Repeat the data that follows in full. Do not include the pictures.

→ **DATASET SECTION**:
········

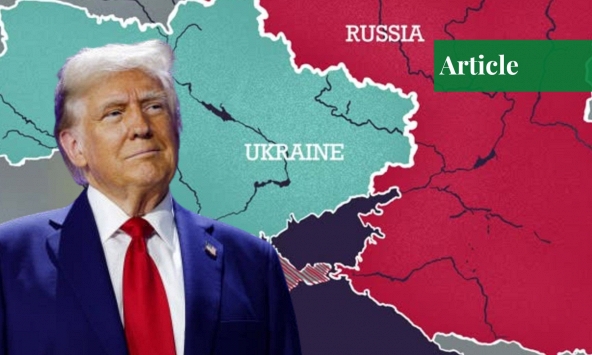 Ukraina sẽ ra sao, nếu ông Trump trở lại Nhà Trắng?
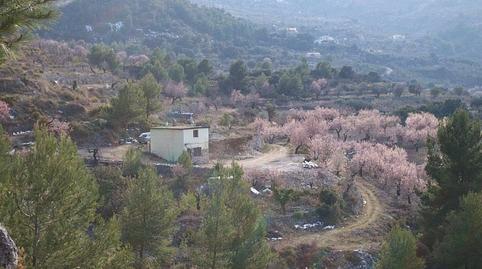 Foto 3 de Finca rústica en venta en Confrides, Alicante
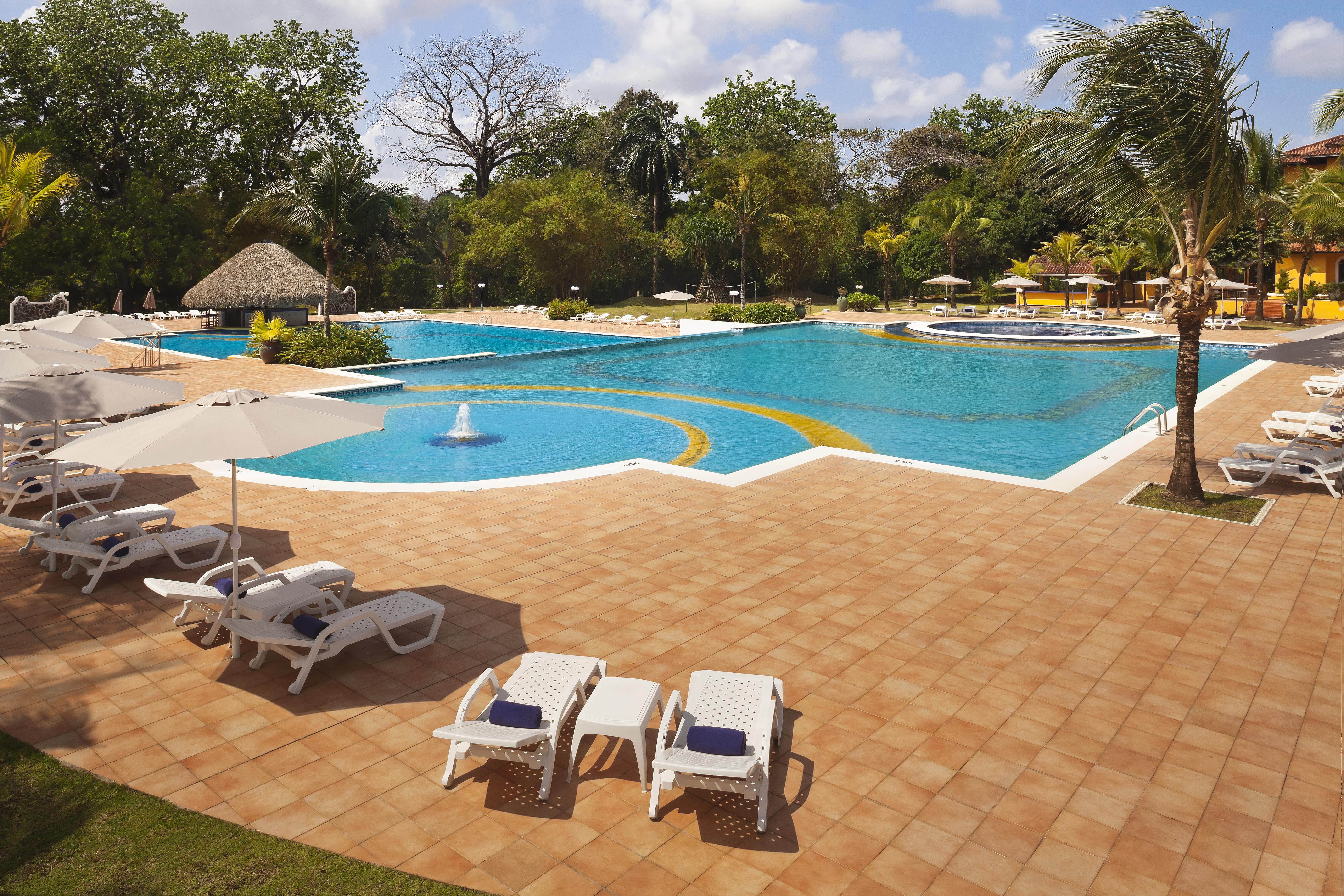Hotel Melia Panama Canal Colon Exterior photo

········

→ **REPLY**:
 Ukraina sẽ ra sao, nếu ông Trump trở lại Nhà Trắng?
 Foto 3 de Finca rústica en venta en Confrides, Alicante
Hotel Melia Panama Canal Colon Exterior photo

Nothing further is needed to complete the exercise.